Charlie brought Bert with him after work on Thursday and we sat round the kitchen table poring over a large scale map.
‘That’s the A34,’ I said, pointing with a pencil to a red line running south to north. ‘It goes all the way from Newbury to Stratford. For Nottingham, you branch off just north of Oxford. The place we’ve chosen is some way south of that. Just here...’ I marked it with the pencil. ‘About a mile before you reach the Abingdon bypass.’
‘I know that bleeding road,’ Bert said. ‘Goes past the Harwell atomic.’
‘That’s right.’
‘Yeah. I’ll find that. Easy as dolly-birds.’
‘There’s a roadside fruit stall there,’ I said. ‘Shut, at this time of year. A sort of wooden hut.’

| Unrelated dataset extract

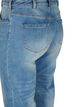 7/8-lengde jeans med rå kanter og høyt liv, Blå, Packshot image number 3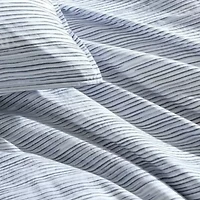 Wavy Stripe Cotton Duvet Set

‘Seen dozens of ’em,’ Bert nodded.
‘It has a good big space beside it for cars.’
‘Which side of the road?’
‘On the near side, going north.’
‘Yeah. I get you.’
‘It’s on a straight stretch after a fairly steep hill. Nothing will be going very fast there. Do you think you could manage?’
‘Here,’ he complained to Charlie. ‘That’s a bleeding insult.’
‘Sorry,’ I said.
‘Is that all I do, then? Stop the bleeding traffic?’ He sounded disappointed; and I’d thought he might have needed to be persuaded.
‘No,’ I said. ‘After that you do a lot of hard work extremely quickly.’
‘What, for instance?’
When I told him, he sat back on his chair and positively beamed.
‘That’s more bleeding like it,’ he said. ‘Now that’s a daisy, that is. Now you might think I’m slow on my feet, like, with being big, but you’d be bleeding wrong.’
‘I couldn’t do it at all without you.’
‘Hear that?’ he said to Charlie.
‘It might even be true,’ Charlie said.
Bert at that point described himself as peckish and moved in a straight line to the store cupboard. ‘What’ve you got here, then? Don’t you ever bleeding eat? Do you want this tin of ham?’
‘Help yourself,’ I said.
Bert made a sandwich inch-deep in mustard and ate it without blinking. A couple of cans of beer filled the cracks.
‘Can I chuck the betting shop, then?’ he asked between gulps.
‘What have you learned about Ganser Mays?’
‘He’s got a bleeding nickname, that’s one thing I’ve learned. A couple of smart young managers run his shops now, you’d never know they was the same place. All keen and sharp and not a shred of soft heart like my old boss.’
‘A soft-hearted bookmaker?’ Charlie said. ‘There’s no such thing.’
‘Trouble was,’ Bert said, ignoring him, ‘he had a bleeding soft head and all.’
‘What is Ganser Mays’ nickname?’ I asked.
‘Eh? Oh yeah. Well, these two smart alecs, who’re sharp enough to cut themselves, they call him Squeezer. Squeezer Mays. When they’re talking to each other, of course, that is.’